▶ _WORK ITEM_
With pictures left out, write out exactly every line from the start of the data through the one that contains "JONATHAN Y BNH101A".

——————————

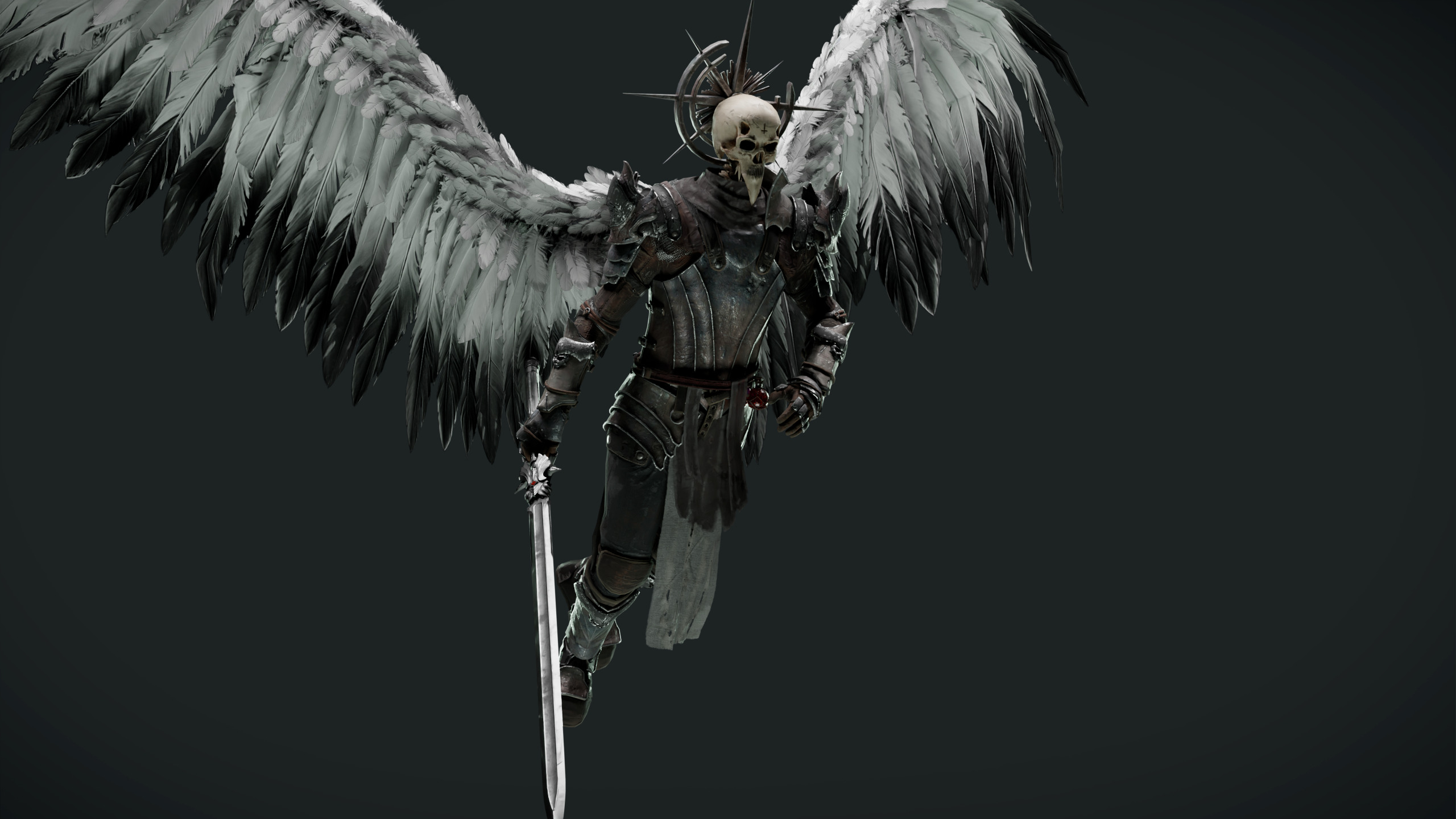 Fallen Angel Low-poly 3D model_4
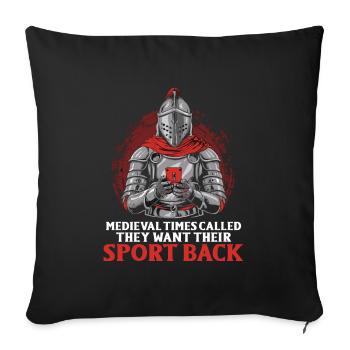 Knight Knight Medieval Renaissance Armor - Sofa pillowcase 17,3'' x 17,3'' (45 x 45 cm) - black - Front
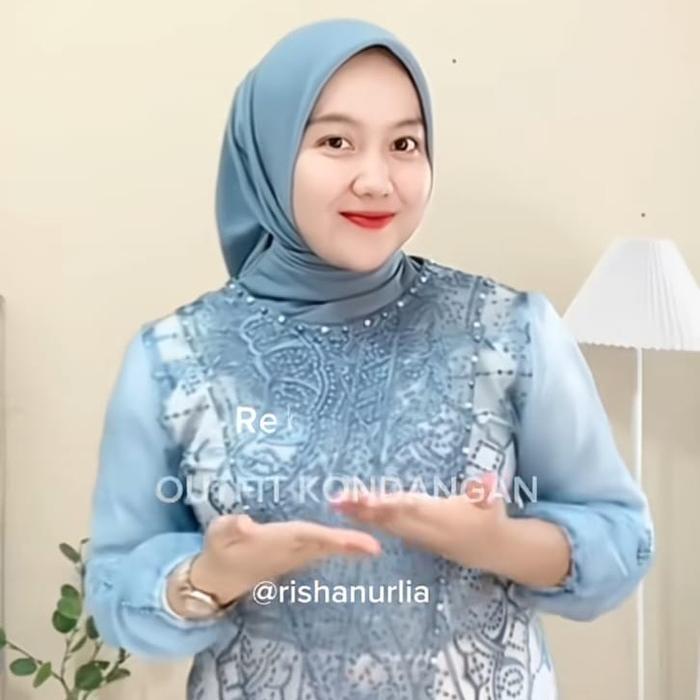 Fiona Outer Jumbo Ld 120 Brokat Organza Full Payet / Tunik Brukat / Baju Hari Raya, Kondangan,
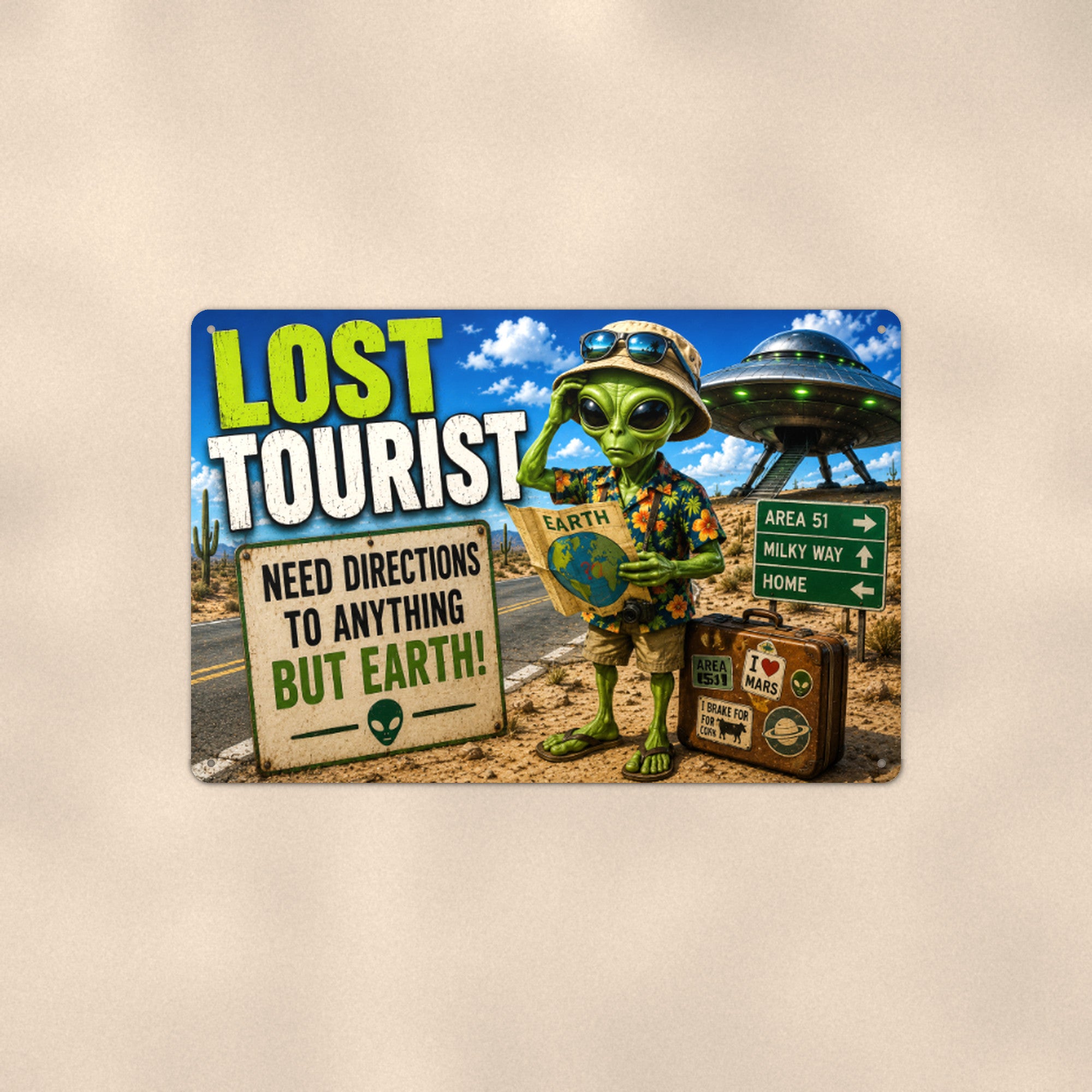 Lost Tourist Alien Metal Wall Art, Funny UFO Aluminum Sign, Road Trip Sci Fi Decor Gift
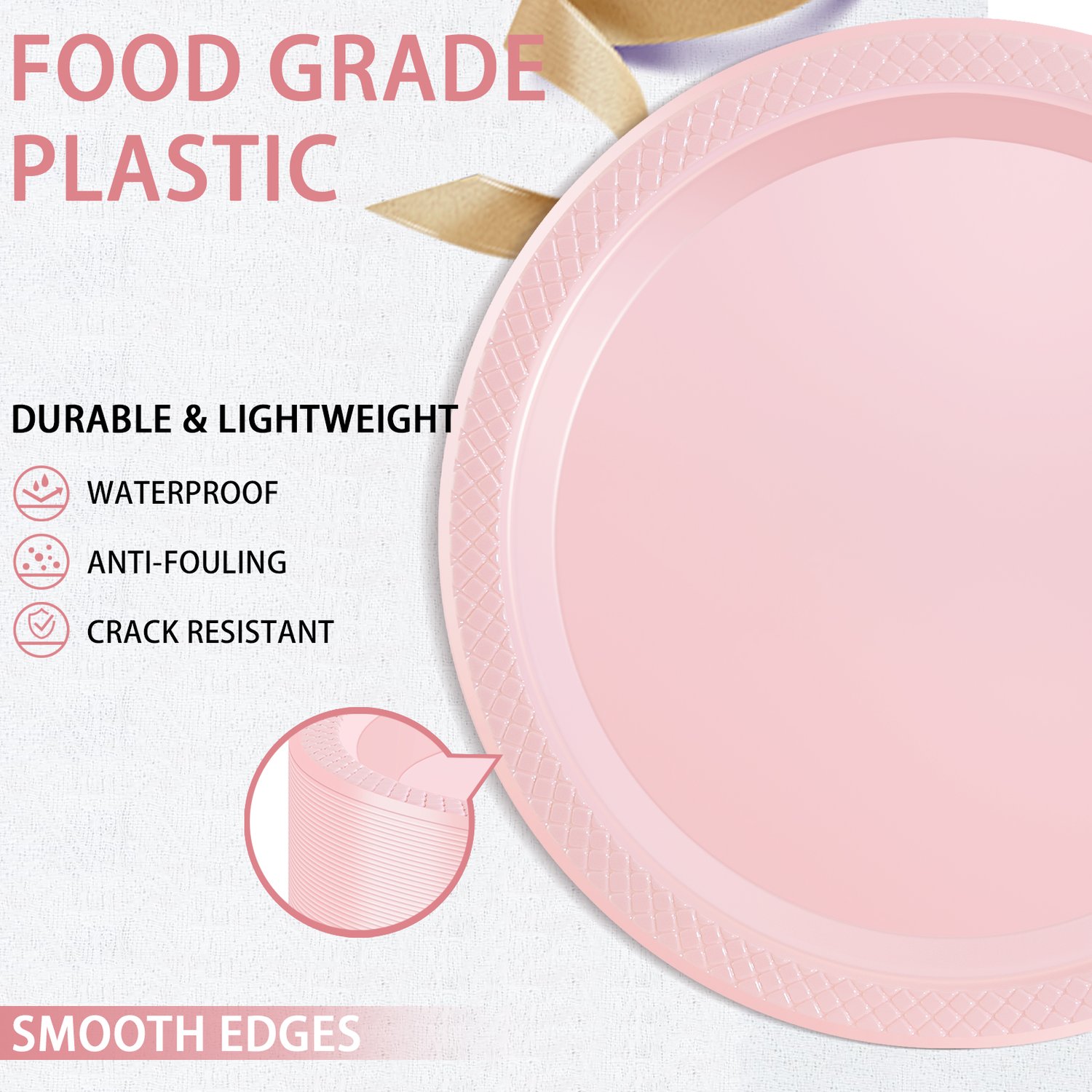 Pink 7inch Disposable Dinner Plates for Party (150 Pieces) — view 3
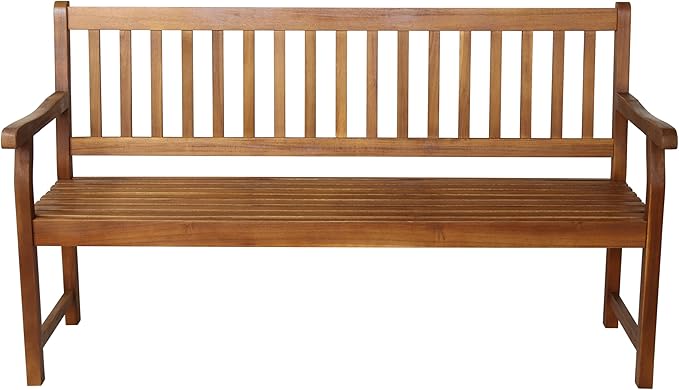 JONATHAN Y BNH101A Laurel 59.1" 3-Seat Slat-Back 600-Lbs Support Acacia Wood Outdoor Garden Patio Bench for Garden, Lawn, Backyard, Pool, Deck, Beach, Firepit, Teak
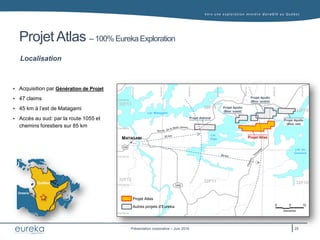 Vers une exploration minière durable au Q uébec
Présentation corporative – Juin 2016
Projet Atlas – 100% Eureka Exploration
Localisation
 Acquisition par Génération de Projet
 47 claims
 45 km à l’est de Matagami
 Accès au sud: par la route 1055 et
chemins forestiers sur 85 km
Québec
Ontario
Québec
Ontario
MATAGAMI
Projet Atlas
Autres projets d’Eureka
1055
Lac Matagami
Lac
Olga
Lac au
Goéland
109
Projet Apollo
(Bloc est)
Projet Apollo
(Bloc centre)
Projet Apollo
(Bloc ouest)
Projet Atlas
Projet Admiral
32F14
32F15
32F13
32F12 32F11 32F10
25
 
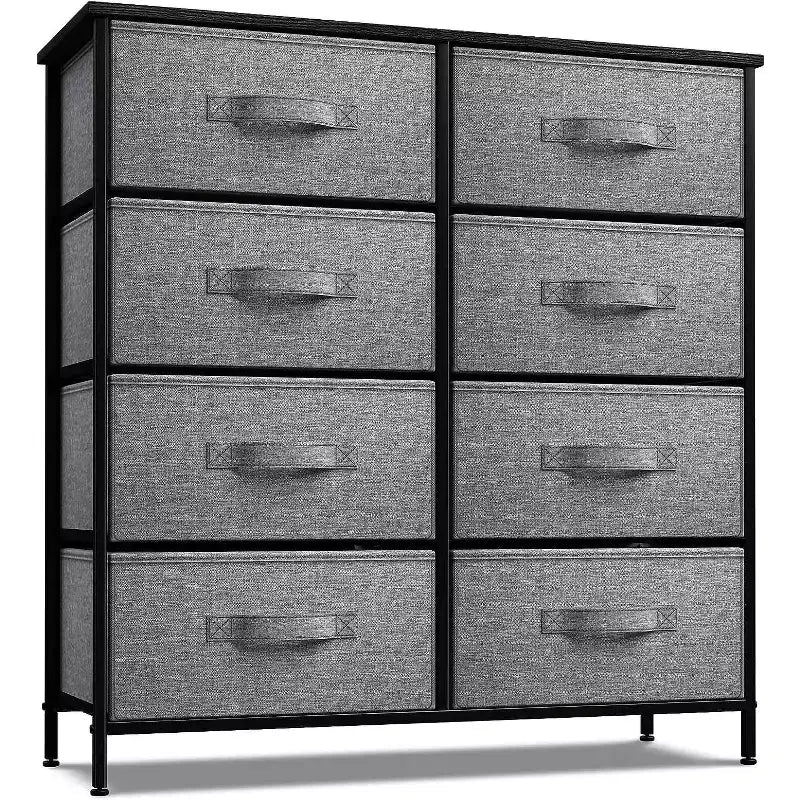8-Drawer Fabric Dresser with Steel Frame and Wood Top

——————————

▶ _REPLY TO THE TASK_
 Fallen Angel Low-poly 3D model_4
 Knight Knight Medieval Renaissance Armor - Sofa pillowcase 17,3'' x 17,3'' (45 x 45 cm) - black - Front
 Fiona Outer Jumbo Ld 120 Brokat Organza Full Payet / Tunik Brukat / Baju Hari Raya, Kondangan,
 Lost Tourist Alien Metal Wall Art, Funny UFO Aluminum Sign, Road Trip Sci Fi Decor Gift
 Pink 7inch Disposable Dinner Plates for Party (150 Pieces) — view 3
 JONATHAN Y BNH101A Laurel 59.1" 3-Seat Slat-Back 600-Lbs Support Acacia Wood Outdoor Garden Patio Bench for Garden, Lawn, Backyard, Pool, Deck, Beach, Firepit, Teak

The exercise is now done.